Crawled caption data

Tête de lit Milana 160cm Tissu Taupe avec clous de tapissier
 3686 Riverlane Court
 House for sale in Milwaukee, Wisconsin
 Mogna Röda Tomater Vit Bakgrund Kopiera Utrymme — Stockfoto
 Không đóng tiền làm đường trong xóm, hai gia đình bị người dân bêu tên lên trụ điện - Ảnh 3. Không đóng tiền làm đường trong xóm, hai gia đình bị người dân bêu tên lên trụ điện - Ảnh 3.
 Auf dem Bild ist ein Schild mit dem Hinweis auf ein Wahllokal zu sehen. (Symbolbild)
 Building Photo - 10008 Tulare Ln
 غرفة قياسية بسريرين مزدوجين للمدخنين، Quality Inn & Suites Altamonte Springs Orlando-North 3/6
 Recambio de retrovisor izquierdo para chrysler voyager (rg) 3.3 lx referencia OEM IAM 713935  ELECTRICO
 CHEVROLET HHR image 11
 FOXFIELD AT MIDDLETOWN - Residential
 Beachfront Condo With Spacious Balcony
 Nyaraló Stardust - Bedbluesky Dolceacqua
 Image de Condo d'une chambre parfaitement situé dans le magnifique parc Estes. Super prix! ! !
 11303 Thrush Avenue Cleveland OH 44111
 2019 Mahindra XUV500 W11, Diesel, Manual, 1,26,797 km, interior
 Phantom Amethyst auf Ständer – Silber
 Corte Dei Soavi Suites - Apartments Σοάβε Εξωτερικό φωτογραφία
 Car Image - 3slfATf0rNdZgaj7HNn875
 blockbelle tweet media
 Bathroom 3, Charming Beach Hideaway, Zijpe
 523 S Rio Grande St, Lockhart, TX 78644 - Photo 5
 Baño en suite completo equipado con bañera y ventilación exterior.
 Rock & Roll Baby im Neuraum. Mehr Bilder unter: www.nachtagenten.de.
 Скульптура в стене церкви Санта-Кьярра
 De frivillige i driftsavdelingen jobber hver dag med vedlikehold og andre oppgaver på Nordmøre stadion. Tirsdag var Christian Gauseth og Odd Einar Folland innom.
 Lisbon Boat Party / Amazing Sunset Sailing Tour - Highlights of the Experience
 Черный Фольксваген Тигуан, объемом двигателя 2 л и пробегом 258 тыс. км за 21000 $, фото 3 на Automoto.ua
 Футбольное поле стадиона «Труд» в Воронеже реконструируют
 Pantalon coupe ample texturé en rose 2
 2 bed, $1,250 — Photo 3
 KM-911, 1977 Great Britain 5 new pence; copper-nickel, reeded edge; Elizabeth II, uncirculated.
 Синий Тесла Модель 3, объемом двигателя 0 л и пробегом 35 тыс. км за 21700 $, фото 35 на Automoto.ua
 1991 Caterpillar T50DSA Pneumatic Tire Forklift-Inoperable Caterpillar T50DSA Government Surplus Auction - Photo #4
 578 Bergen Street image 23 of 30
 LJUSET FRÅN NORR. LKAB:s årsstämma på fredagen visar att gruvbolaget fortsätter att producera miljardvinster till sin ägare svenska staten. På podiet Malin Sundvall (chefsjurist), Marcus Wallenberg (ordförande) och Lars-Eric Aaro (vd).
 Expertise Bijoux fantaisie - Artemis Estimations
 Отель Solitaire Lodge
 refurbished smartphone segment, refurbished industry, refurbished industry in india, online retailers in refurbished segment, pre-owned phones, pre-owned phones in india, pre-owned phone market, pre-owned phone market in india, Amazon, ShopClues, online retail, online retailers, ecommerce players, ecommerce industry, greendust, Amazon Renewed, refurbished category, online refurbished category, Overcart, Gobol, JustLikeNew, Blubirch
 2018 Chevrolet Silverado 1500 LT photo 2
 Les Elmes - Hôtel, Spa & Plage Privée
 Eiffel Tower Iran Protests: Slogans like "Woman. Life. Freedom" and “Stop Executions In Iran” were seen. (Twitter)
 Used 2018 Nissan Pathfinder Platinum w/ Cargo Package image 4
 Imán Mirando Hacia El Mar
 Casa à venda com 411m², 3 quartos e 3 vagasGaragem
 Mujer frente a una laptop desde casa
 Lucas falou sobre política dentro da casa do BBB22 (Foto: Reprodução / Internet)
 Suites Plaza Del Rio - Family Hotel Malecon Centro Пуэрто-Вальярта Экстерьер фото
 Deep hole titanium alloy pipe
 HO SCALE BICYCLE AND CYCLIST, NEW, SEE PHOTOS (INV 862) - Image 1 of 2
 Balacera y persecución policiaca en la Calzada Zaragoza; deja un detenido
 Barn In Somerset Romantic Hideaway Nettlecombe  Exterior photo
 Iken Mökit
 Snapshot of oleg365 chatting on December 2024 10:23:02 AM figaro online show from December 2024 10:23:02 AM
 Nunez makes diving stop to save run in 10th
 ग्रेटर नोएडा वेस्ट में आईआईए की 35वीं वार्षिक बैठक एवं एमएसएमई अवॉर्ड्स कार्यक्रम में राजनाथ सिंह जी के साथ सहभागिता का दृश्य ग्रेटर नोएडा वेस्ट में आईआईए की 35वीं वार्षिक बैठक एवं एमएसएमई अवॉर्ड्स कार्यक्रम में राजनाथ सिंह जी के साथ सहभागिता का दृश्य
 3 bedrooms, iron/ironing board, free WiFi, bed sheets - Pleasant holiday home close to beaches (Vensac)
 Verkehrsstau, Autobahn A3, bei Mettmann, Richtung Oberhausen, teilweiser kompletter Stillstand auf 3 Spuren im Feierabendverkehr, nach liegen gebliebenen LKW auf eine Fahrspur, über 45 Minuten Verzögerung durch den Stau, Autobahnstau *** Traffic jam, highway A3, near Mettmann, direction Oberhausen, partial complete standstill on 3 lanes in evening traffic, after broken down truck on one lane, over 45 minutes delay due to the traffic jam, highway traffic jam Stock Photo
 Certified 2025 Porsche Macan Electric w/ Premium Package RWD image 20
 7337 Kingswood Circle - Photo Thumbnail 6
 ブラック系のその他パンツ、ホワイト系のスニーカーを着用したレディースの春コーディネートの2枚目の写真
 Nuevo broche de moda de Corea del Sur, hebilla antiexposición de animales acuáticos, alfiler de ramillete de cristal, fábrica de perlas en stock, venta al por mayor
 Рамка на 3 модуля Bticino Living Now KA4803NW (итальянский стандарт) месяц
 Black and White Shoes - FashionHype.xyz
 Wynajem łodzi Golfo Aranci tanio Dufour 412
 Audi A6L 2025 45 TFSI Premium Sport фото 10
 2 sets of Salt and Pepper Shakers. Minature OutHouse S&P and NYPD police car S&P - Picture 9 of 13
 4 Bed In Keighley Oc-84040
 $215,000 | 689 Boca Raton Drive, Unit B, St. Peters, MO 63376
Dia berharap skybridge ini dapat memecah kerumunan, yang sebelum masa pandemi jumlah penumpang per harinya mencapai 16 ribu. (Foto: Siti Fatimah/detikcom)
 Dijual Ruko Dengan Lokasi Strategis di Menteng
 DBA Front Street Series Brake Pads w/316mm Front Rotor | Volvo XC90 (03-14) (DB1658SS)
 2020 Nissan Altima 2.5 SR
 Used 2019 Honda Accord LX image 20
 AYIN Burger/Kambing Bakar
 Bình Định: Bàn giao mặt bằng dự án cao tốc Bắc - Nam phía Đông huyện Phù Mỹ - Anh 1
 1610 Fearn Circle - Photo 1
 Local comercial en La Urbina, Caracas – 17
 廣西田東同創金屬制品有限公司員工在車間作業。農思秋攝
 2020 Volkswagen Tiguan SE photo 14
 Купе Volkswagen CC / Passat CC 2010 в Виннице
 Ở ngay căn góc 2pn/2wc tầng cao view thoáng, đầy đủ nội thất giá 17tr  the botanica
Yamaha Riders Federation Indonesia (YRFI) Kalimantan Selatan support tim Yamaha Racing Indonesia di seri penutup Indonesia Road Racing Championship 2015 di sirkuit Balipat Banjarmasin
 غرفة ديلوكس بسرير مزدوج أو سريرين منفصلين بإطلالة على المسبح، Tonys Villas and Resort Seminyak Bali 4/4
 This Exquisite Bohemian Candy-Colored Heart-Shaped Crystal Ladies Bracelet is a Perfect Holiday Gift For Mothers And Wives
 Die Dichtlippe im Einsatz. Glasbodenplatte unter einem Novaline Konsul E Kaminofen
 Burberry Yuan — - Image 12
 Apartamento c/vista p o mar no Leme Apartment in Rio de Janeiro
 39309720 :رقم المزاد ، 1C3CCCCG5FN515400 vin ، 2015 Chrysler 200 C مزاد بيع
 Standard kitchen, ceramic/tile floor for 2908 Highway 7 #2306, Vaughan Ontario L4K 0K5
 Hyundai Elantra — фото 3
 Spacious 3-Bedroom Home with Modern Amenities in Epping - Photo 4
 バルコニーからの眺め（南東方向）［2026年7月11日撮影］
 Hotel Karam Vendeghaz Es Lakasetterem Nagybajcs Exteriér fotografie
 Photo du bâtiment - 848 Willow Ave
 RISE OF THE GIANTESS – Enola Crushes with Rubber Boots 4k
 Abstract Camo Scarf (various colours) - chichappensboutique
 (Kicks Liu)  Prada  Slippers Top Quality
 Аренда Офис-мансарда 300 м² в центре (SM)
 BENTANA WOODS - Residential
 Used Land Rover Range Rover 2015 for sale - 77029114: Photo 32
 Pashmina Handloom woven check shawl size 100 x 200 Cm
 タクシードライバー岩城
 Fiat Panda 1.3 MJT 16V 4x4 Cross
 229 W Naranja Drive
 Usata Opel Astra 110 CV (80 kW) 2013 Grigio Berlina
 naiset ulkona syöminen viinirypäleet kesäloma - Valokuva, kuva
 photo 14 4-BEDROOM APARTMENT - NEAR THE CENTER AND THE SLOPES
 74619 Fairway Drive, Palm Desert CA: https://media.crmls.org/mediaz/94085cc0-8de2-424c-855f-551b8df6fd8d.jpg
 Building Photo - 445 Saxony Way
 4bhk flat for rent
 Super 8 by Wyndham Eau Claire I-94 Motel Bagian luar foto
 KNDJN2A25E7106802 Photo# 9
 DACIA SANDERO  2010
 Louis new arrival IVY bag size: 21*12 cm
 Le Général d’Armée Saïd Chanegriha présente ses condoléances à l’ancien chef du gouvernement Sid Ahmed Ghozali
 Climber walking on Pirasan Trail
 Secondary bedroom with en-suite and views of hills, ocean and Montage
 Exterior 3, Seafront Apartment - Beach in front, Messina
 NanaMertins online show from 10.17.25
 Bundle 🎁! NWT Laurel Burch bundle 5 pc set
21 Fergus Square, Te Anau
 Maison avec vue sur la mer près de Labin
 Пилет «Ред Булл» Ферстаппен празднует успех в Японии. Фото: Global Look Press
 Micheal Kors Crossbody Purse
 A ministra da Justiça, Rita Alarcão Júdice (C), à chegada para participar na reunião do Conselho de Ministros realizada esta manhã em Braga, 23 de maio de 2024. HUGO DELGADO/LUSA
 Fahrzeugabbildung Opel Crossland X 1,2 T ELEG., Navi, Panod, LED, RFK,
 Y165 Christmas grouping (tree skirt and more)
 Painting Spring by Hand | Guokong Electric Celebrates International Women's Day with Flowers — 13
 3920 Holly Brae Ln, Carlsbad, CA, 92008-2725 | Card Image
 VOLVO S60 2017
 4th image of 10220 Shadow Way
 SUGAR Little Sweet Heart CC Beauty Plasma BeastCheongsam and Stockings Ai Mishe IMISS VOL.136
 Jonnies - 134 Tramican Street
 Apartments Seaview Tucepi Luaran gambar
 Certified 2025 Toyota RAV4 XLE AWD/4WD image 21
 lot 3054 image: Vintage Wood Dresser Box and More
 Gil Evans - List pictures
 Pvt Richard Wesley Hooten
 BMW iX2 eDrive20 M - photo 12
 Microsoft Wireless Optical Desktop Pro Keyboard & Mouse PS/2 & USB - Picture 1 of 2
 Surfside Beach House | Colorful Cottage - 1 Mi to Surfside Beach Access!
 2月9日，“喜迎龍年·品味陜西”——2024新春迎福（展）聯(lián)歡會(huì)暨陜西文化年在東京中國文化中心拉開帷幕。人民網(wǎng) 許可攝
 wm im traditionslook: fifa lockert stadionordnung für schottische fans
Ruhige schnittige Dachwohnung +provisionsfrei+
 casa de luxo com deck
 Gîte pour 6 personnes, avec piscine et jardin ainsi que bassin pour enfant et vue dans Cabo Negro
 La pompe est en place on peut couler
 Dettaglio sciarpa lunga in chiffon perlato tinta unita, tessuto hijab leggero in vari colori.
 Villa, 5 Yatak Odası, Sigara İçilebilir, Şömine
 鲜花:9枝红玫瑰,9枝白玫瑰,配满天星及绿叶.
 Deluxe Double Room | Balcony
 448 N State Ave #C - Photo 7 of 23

◆ Requirement:
Scan the records above for the word "Building" and return every line where it occurs.

◆ Result:
 Building Photo - 10008 Tulare Ln
 Building Photo - 445 Saxony Way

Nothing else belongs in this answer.